Tinkering with Cars

At the Children's Museum Jordan, I had a unique opportunity to spend a few days after my tinkering workshop embedded with the team at the Tinker Lab, getting a feel for the daily routine and offering advice on environment and activity design.

However, I have to admit that I felt a little disappointment when I found out that the workshop in the space would be making and testing cars. There's several reasons why this activity has been one of my least favorite traditional maker workshop.

Cars give a certain initial impression of what they are supposed to look like, narrowing the path of the builder in a way that art machines or light and shadow sculptures don't. Cars seems to invite competition instead of collaboration as they usually end with a race with a implicit or explicit winner in the fastest car or the one that travels the farthest. And finally, cars feels like a very engineering-centric activity with less opportunities for personalization, artistic expression or story telling and narrative.

But I thought that it would be important to go with the existing activity in the space and I hoped that I would be able to learn something new and gain a different appreciation for the possibilities.

So we tried the activity together and shared what had been working and what could be improved. Some of the challenges we identified were the final "race" not being satisfying, many of the cars looking the same at the end, and more of an emphasis on the finished product than the process of building

After the first day of working together we already identified some ideas for deepening the experience. We mocked up a rough prototype of a curved cardboard track that felt more like a testing station than a race track.

We also built a display area for different example vehicles made by us and visitors. This did a couple things, one it emphasized the variety of different possibilities in the activity including non traditional designs and others that were characters like a cute mouse car. But it also gave people a place to leave their cars in the space instead of being focused on taking them home.

The next day we tried to expand the palette of materials for car explorations. We tried out rubber bands, balloons, hobby motors, and solar panels as ways to make the cars move. These experiments might not all result in adding the materials to the workshop set, but I think it's important to continue prototyping and investigating diverse pathways around an activity or phenomenon.

This day we also tested the activity a couple times with museum visitors.

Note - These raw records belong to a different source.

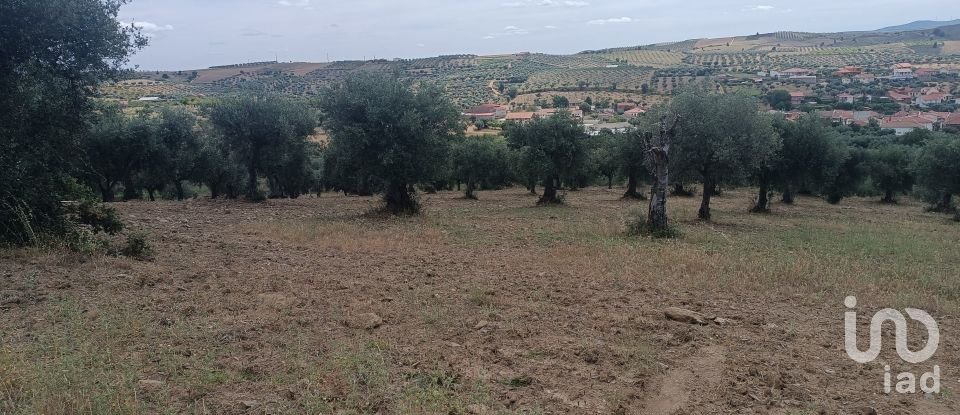 Maison de village T2 à Lagoa de 88 m²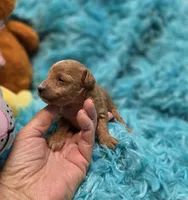 MaltipooM2, a male Maltipoo for sale in Cullman, AL – 6 of 7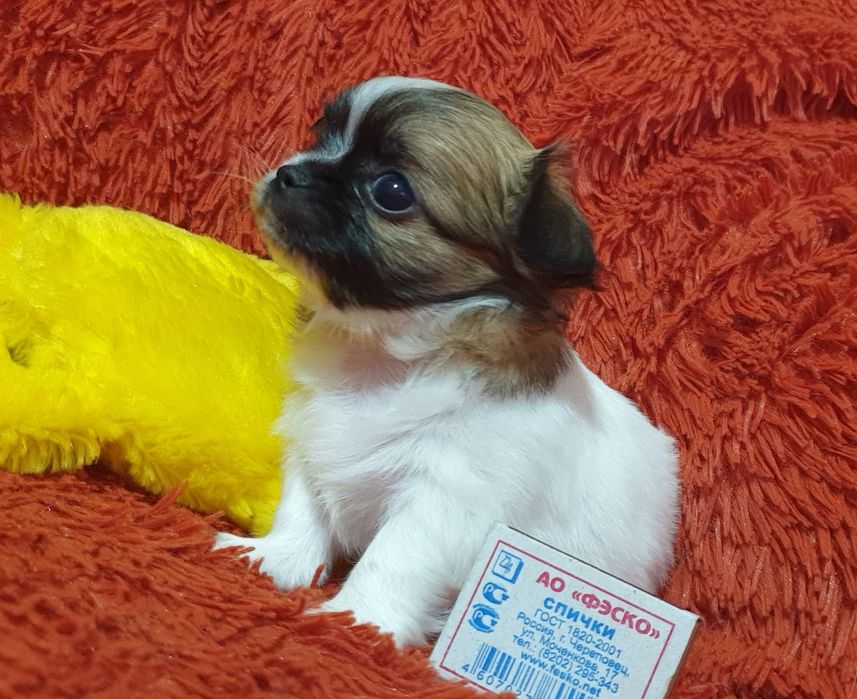 Щенки чихуахуа резерв.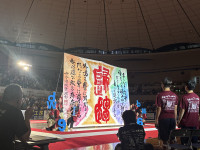 IMG_0518
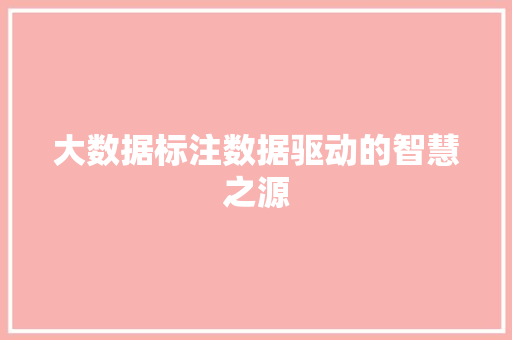 大数据标注数据驱动的智慧之源  第1张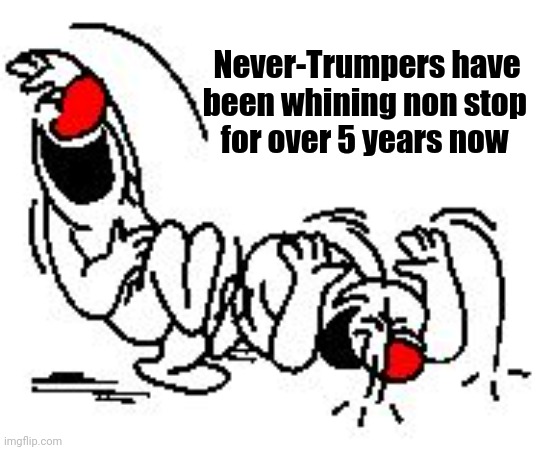 LOL Hysterically | Never-Trumpers have  
been whining non stop 
for over 5 years now | image tagged in lol hysterically | made w/ Imgflip meme maker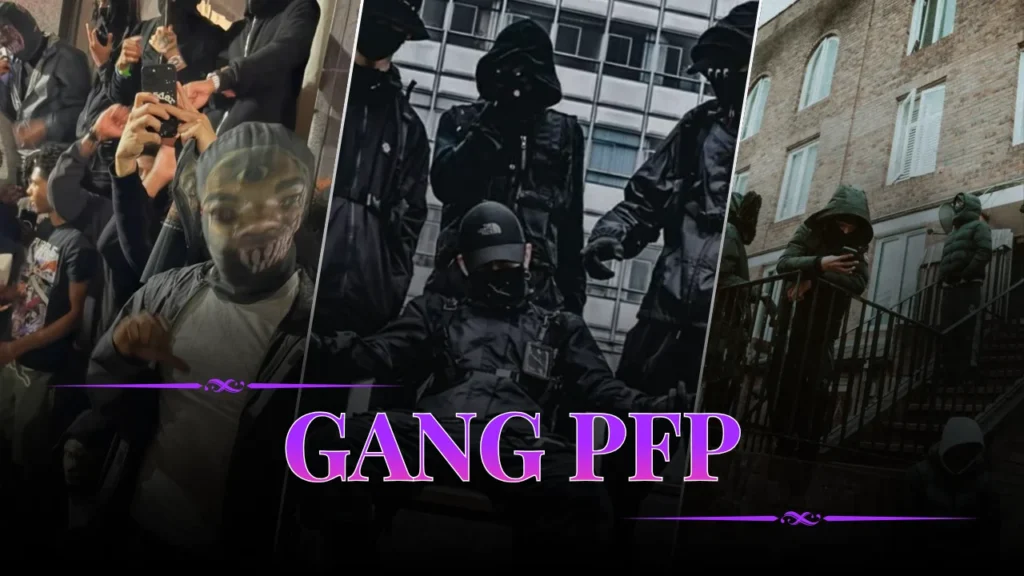Gang PFP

And as we set up the room we experimented with table layout and materials placement as environmental considerations that could affect the experience.

And the last day, we tried another important step in the process. The tinkering facilitators led the new version of the car activity for their colleagues in the education staff. This gave them the chance to test out the workshop, give us new ideas, and offer constructive feedback on the facilitation, activity design, and environment.

While cars may still not be my favorite activity, after spending a few days prototyping and sharing ideas with the team from CMJ I will say that my ideas have changed. There are lots of activities and workshops in schools and museums that can benefit from subtle shifts to become more tinkerable through practice and experimentation.